* Collected material
* * *

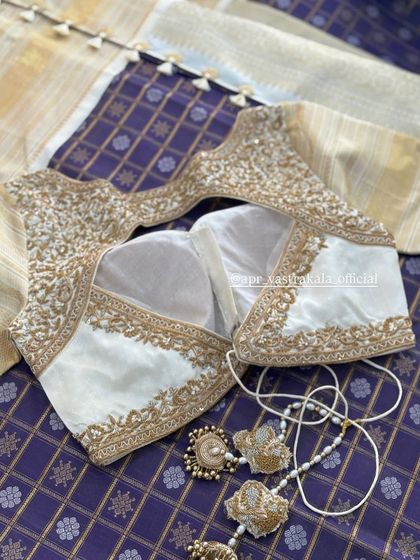 The full layout of the white and gold blouse with matching tassels.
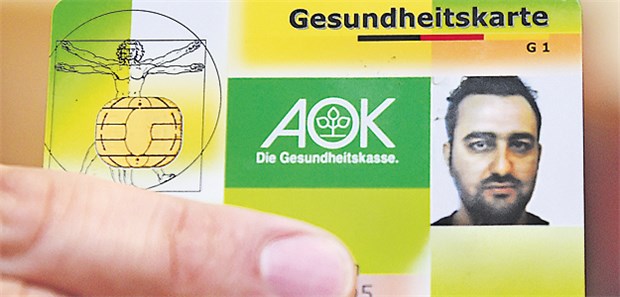 Künftig attraktiv für Kassen? Ein Flüchtling aus Syrien hält seine Gesundheitskarte empor.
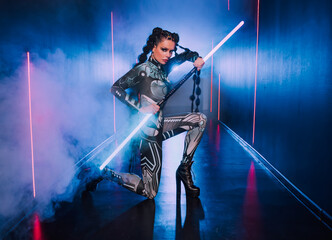 Fashion model posing Fantasy cyborg woman creative robot costume metal body creative makeup,...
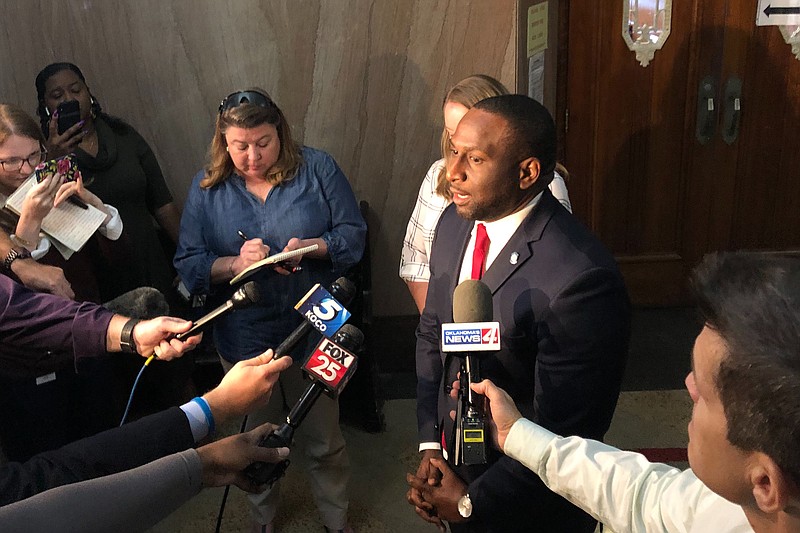 Oklahoma State Rep. Jason Lowe speaks to the media Monday, Oct. 7, 2019 in Oklahoma City after he and other advocates for tighter gun laws filed a lawsuit challenging a new Oklahoma law that will allow people to carry firearms without a background check or training. Lowe filed his lawsuit Monday in Oklahoma county, arguing the law violates a constitutional requirement that bills deal with only one subject matter. (AP Photo/Sean Murphy)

* * *

* Directions
The listing above is to be written out again exactly, with its pictures omitted.

* Solution to this exercise
 The full layout of the white and gold blouse with matching tassels.
 Künftig attraktiv für Kassen? Ein Flüchtling aus Syrien hält seine Gesundheitskarte empor.
 Fashion model posing Fantasy cyborg woman creative robot costume metal body creative makeup,...
 Oklahoma State Rep. Jason Lowe speaks to the media Monday, Oct. 7, 2019 in Oklahoma City after he and other advocates for tighter gun laws filed a lawsuit challenging a new Oklahoma law that will allow people to carry firearms without a background check or training. Lowe filed his lawsuit Monday in Oklahoma county, arguing the law violates a constitutional requirement that bills deal with only one subject matter. (AP Photo/Sean Murphy)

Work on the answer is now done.